:: Supplied material ::

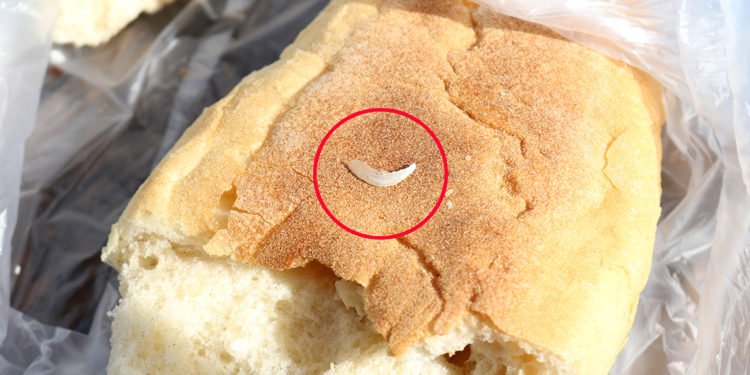 Ekmeğin içinde tırnak iddiası
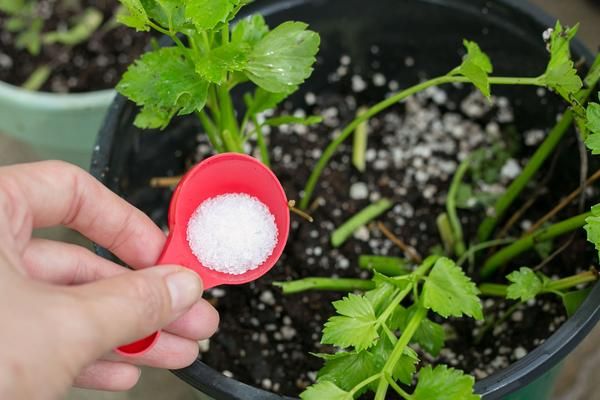 Epsom Salt For Plants 500 Grams Pack - Natural Mineral Fertilizer - Epsom Salt Bath (PAKISTAN MADE) Umbiz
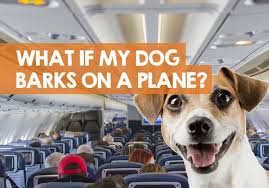 What If My Dog Barks On A Plane How To Stop Barking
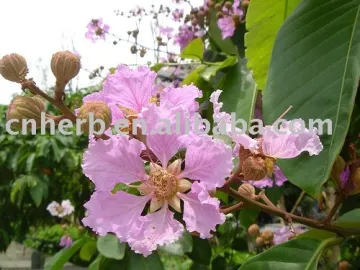 Banaba/Queen flower leaf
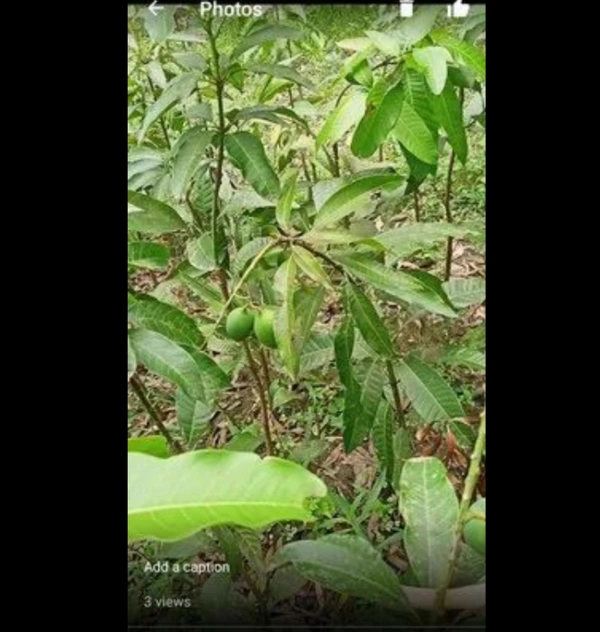 Himsagar Mango Plant হিমসাগর আম চারা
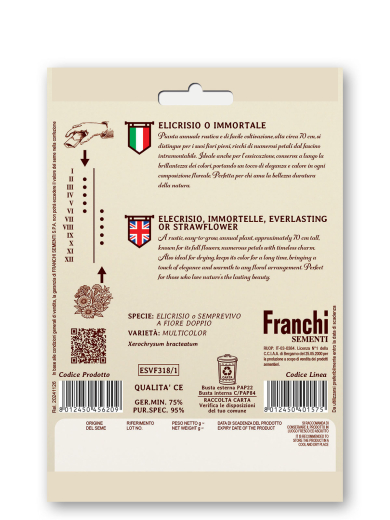 Strohblume Retro Immortelle Xerochrysum bracteatum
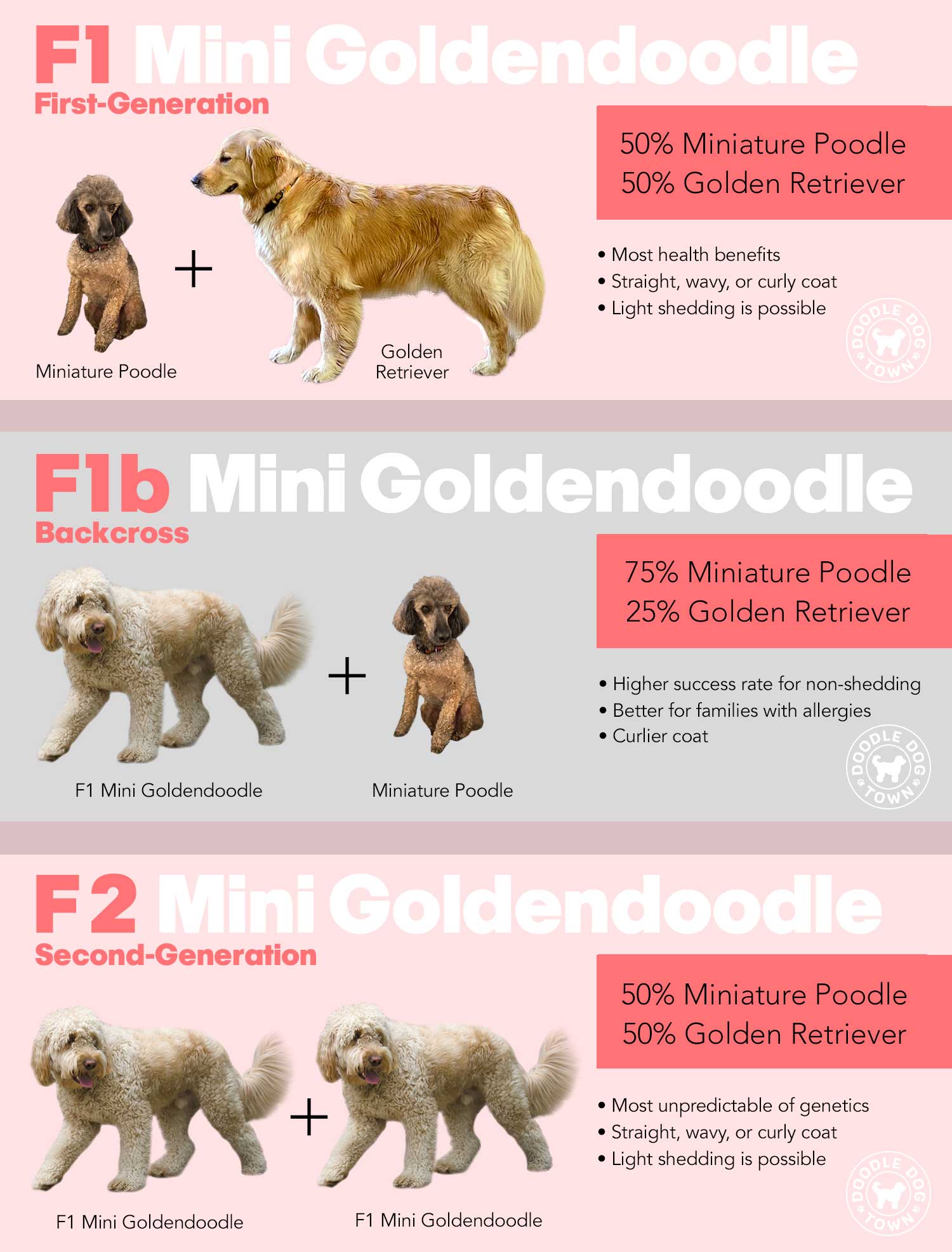 What are full grown f1 mini goldendoodles really like? Discover their charming personality traits.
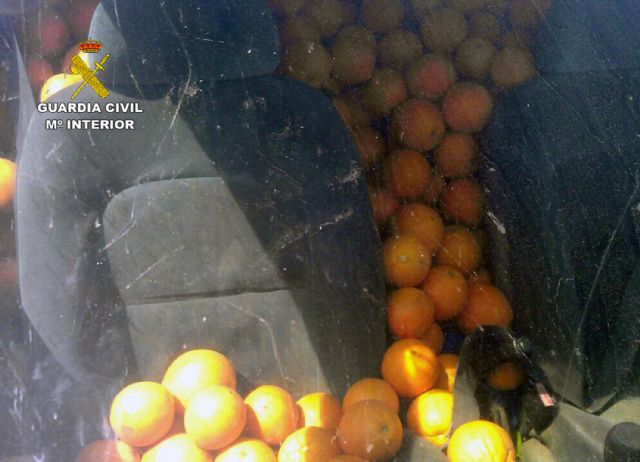 La Guardia Civil desmantela un clan familiar dedicado a la sustracción de grandes cantidades de fruta - 3, Foto 3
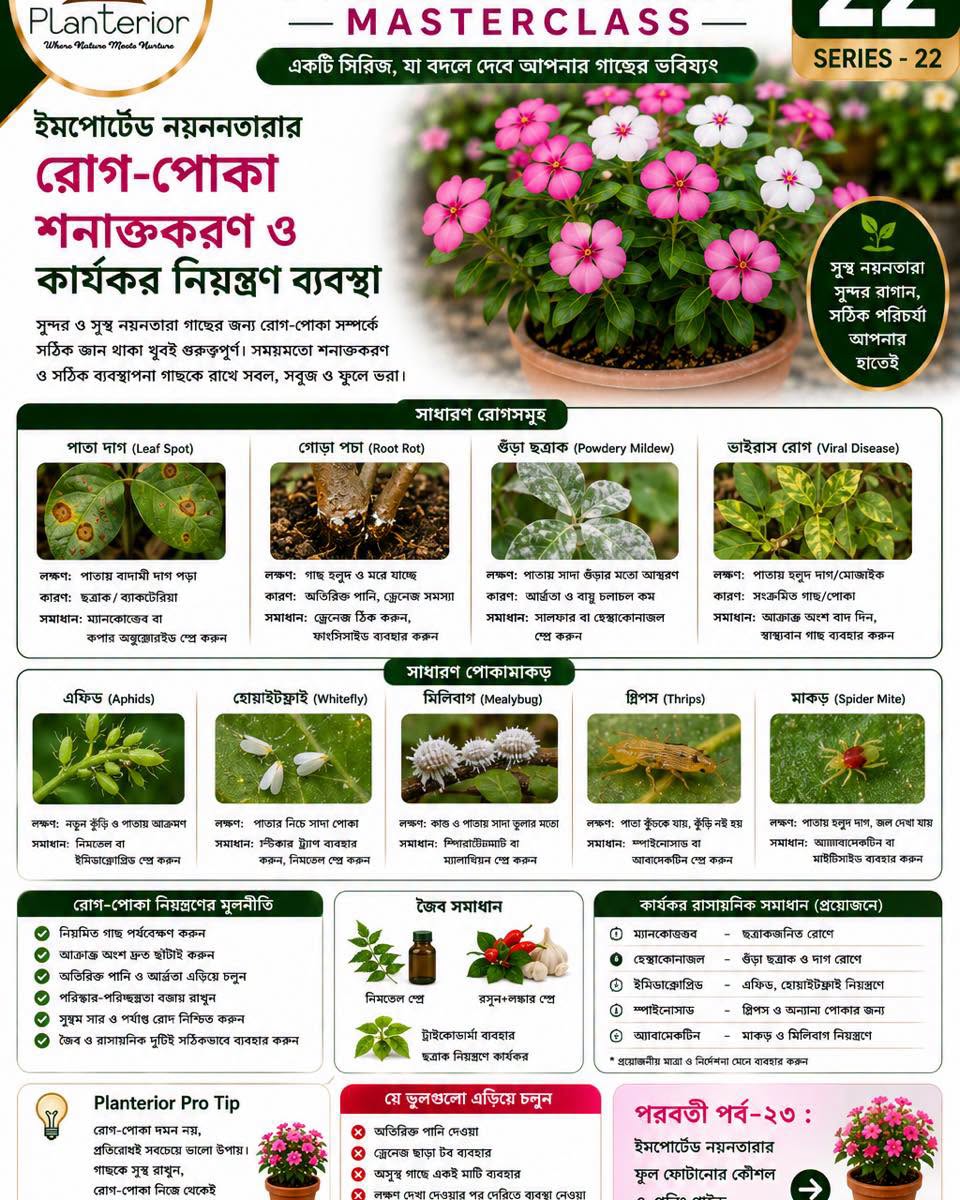 ইমপোর্টেড নয়নতারা মাস্টারক্লাস সিরিজ | পর্ব–২২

:::

* Assignment
Return the entries above exactly and in full; do not include images.

* Response
 Ekmeğin içinde tırnak iddiası
 Epsom Salt For Plants 500 Grams Pack - Natural Mineral Fertilizer - Epsom Salt Bath (PAKISTAN MADE) Umbiz
 What If My Dog Barks On A Plane How To Stop Barking
 Banaba/Queen flower leaf
 Himsagar Mango Plant হিমসাগর আম চারা
 Strohblume Retro Immortelle Xerochrysum bracteatum
 What are full grown f1 mini goldendoodles really like? Discover their charming personality traits.
 La Guardia Civil desmantela un clan familiar dedicado a la sustracción de grandes cantidades de fruta - 3, Foto 3
 ইমপোর্টেড নয়নতারা মাস্টারক্লাস সিরিজ | পর্ব–২২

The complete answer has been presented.